Porque sabía que el tuerto es rey y los viles se disputan su librea, fustigó con la pasión de la razón la oscuridad del olvido, la alevosía del desencuentro, la voracidad de lo inmediato. Comprendió que la grandeza de los ocasionales ocupantes de la silla del águila, no dimana del protocolo anquilosado de su corte, ni de la brutalidad de su lejanía con lo cotidiano, ni menos aún, del soberbio poder de fuego de sus huestes; sino más bien, de la extraña humildad necesaria para contemplar orquídeas a la luz de la luna y trascender y sublimar los días enmascarados del dolor y la derrota. En una era de penumbras normalizadas, donde todos los gatos son pardos, se distinguió sin aspavientos al proclamar en esto creo, para mostrarnos tercamente la posibilidad real del territorio común que compartimos, con aquel hidalgo manchego y con todas las familias felices de su progenie tenaz y nutricia. Al ubicarse contra Bush o contra cualquier gringo viejo y tiránico, renovó naturalmente la ciudadanía irrenunciable del artista, la educación sentimental de un hombre que sea, verdaderamente, de su tiempo. Dos educaciones pacientes como el naranjo en dar sus frutos, que componen una casa con dos puertas que permita circular las enseñanzas del pasado tanto como las esperanzas del futuro.

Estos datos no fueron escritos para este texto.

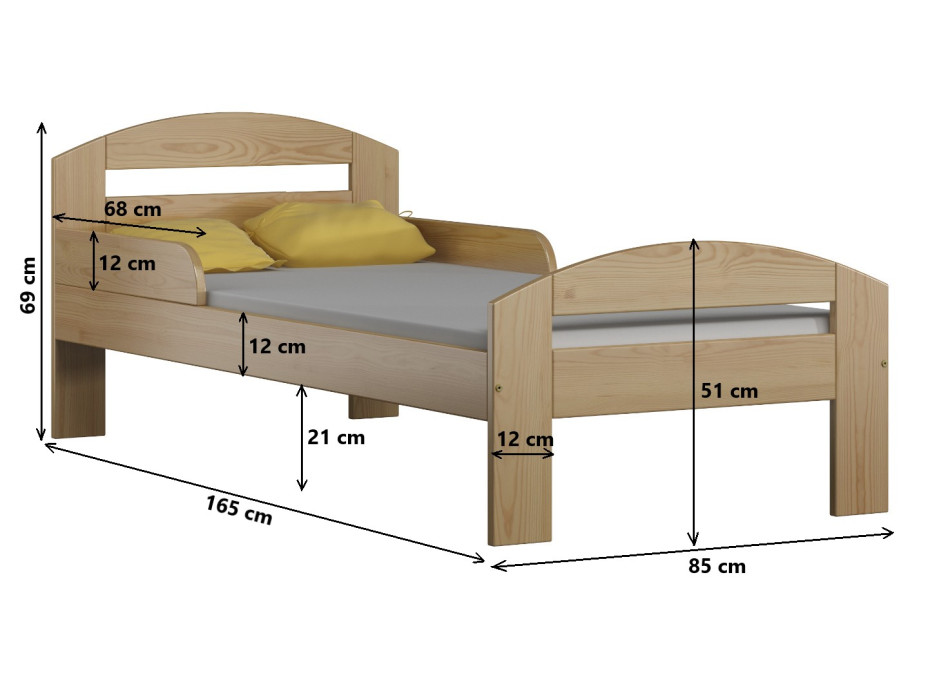 Detská posteľ z masívu MIKO - 160x80 cm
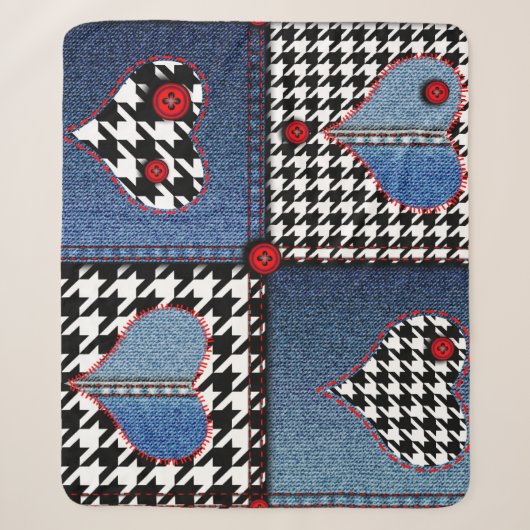 Denim Patchwork: naadloos stoffenpatroon Sherpa Deken (Voorkant)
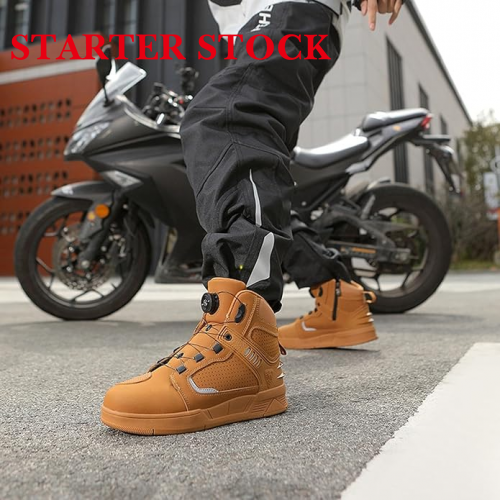 Motorcycle Shoes Men Leather Street Bike Boots, Protective Motorcycle Sneakers, Breathable Street Riding Boots for Men and Women, Anti-Collison Toe and Heel, Rotation Buttonpicture8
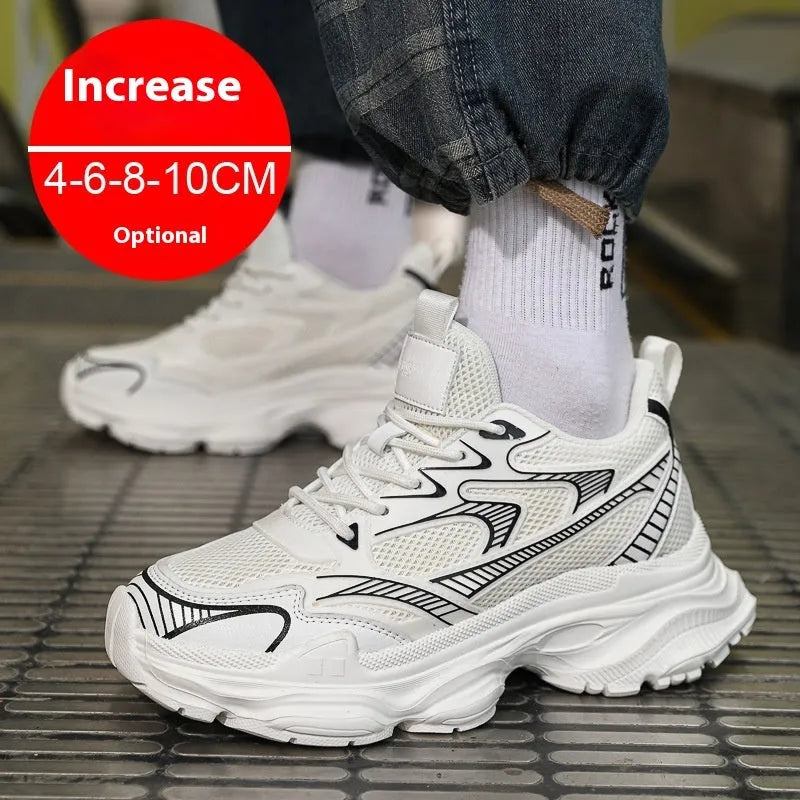 Men's casual breathable height increasing shoes with mesh upper and 10cm invisible lift, in white colour option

La muerte de Artemio Cruz, perdón…, de Carlos Fuentes, no es sino el final de la campaña sin cuartel, que este hombre desplegó tan sólo armado con su pluma. Épica ética de un heroísmo cada vez más inusual y necesario. Me regocija pensar que ahora sí, los cinco soles de México se completan en un más allá, íntimo y cordial, cual tertulia rumorosa entre Sor Juana Inés de la Cruz, Alfonso Reyes, Juan Rulfo, Octavio Paz y él. Retratos en el tiempo que, como una familia lejana, nos envían de tanto en tanto mensajes para vivir, para creer, para luchar en y desde el poder transformador de la imaginación y la memoria. Regalos perdurables para el cumpleaños de un Cristóbal Nonato latinoamericano, que se busca aun, cual un Adán en Edén, entre el dragón y el unicornio, en este tiempo propicio e inclemente como cantar de ciegos.

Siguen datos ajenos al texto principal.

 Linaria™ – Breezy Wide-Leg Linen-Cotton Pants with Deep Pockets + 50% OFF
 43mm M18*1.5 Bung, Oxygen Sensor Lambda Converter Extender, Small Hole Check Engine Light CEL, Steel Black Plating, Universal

La geografía de la novela, de la nueva novela hispanoamericana, dibuja una ciudad, un país, un continente, un planeta con la forma de su caligrafía. Y el aura de su palabra pervivirá, ya por siempre, y por derecho propio, en la gran novela latinoamericana.
* Las palabras en cursiva remiten a libros de Carlos Fuentes. El título se toma de su novela “Los años con Laura Díaz”.